No "Dia da Saudade" (Raul Seixas e Jay Vaquer) tudo vai passar e começar diferente... mais uma vez o tom anárquico, algo que conhecemos hoje como um belo "foda-se", toma conta do texto e do tom: celebrar por celebrar, no canto que for, com a pessoa que vier. Nunca é possível se arrepender ao escolher essa e outras canções do maluco beleza no fim do dia de uma semana pra lá de estressante; muito recomendável.

E é gol, de letra! "Eu também Vou Reclamar" (Raul Seixas), clássico dos clássicos, faz a mais lúcida descrição do cenário do Pop brasuca daqueles idos de 76: cheio de referências a muitas das canções de sucesso daquela época (para iniciados), o agora menestrel reclama das canções que se diziam de "protesto" que, segundo Raul, faziam parte de uma tendência de mercado da qual ele já estava calejado e que ele mesmo havia iniciado, mas apanhava por causa disso em vez de enriquecer, ao contrário da nova geração.
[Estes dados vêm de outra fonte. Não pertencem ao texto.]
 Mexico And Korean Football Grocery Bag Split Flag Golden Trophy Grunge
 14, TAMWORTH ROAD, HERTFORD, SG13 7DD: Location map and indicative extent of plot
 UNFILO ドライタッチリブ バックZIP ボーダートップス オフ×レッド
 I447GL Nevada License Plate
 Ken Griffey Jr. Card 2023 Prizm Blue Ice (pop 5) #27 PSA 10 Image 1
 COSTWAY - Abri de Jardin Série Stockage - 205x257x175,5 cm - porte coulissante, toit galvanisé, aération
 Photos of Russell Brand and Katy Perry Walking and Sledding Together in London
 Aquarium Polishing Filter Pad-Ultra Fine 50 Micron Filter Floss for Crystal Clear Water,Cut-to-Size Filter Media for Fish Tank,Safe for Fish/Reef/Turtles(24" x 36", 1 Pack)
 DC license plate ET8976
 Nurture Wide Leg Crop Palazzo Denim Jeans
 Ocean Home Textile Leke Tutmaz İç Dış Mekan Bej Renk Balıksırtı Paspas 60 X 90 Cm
Depois de dizer, na letra, que também iria reclamar, pra dar uma aula de protestos, entre uma e outra questão social, política e filosófica, protesta mesmo é contra as novas canções de protesto que, pra ele, não o levaria (nem a ninguém) além das "nuvens passageiras", algo que ele não estava mesmo interessado em ser, nem muito menos "apenas o cantor". Como seria essa canção feita para os dias hoje feita por um Raul sobrevivente ou renascido?


"E sendo nuvem passageira
Não me leva nem à beira
Disso tudo
Que eu quero chegar
-E fim de papo!"
(SEIXAS, Raul - Há 10 Mil Anos Atrás -
Philips; Rio de Janeiro, 1976) 

Depois de tanto lutar e reclamar, o compositor de "As Minas do Rei Salomão" só quer agora mesmo é um bom incenso e uma ótima companhia pra descontrair. As riffs e batidas secas e pesadas dão clima de urgência do eu-lírico que não pretende ter nesse momento nada mais que "amor":

"Entra, vem correndo para mim
Meu princípio já chegou ao fim
E o que me resta agora é o seu amor"
(SEIXAS, Raul - Há 10 Mil Anos Atrás -
Philips; Rio de Janeiro, 1976) 
A letra é um desabafo claro contra a luta diária e paternalista do homem contra o homem a favor do homem; essa angústia parece tão intensa para o eu-lírico da canção, que, além de desejos de prazeres carnais e sensoriais, chega a querer vestir-se com um símbolo conhecido da feminilidade (e da realeza) que o próprio teria dado àquela que o visita "E me empresta o seu colar / Que um dia eu fui buscar / Na tumba de um sábio faraó". Parece, neste momento de encontro e busca, que não há nada mais importante para o eu-lírico do que aquela que chega com extravagâncias fora do comum, e, por conseguinte, do que ele próprio, o desfrutador. A batalha, que por ventura ainda possa precisar este que canta, não tem mais importância nem precisão neste breve momento de alívio.


"Do passado me esqueci
No presente me perdi
Se chamarem, diga que eu saí"

(SEIXAS, Raul - Há 10 Mil Anos Atrás -
Philips; Rio de Janeiro, 1976) 


Depois da brabeza absoluta do macho baiano querendo prazer e delícia com sua fêmea favorita, como se renovado por essa força estranha que cerca o gênero feminino, mais calmo e decidido, o compositor, em “O Homem”, dá uma guinada no andamento e no tema pra reafirmar nesta o princípio do LP: “Eu vou tirar/Meu pé da estrada/E vou entrar também/Nessa jogada/E vamos ver agora/Quem é que vai güentá”, ou seja, Raul estava já na estrada do rock e do protesto há tanto tempo que não era hora ainda de abandonar o que ele mesmo havia construído. Num primor de casamento entre letra e música, “O Homem” começa muito lenta e calmamente como alguém que passa a explicar seus motivos, guinando depois para um grande estranhamento unindo sua voz esganiçada com o agudo de um contrabaixo, ambos dissonantes da tonalidade do trecho, pra dizer que seu “canto” “não presta” e que, por isso e assim mesmo, resolveu ficar e continuar com quem está e com quem virá a partir dele.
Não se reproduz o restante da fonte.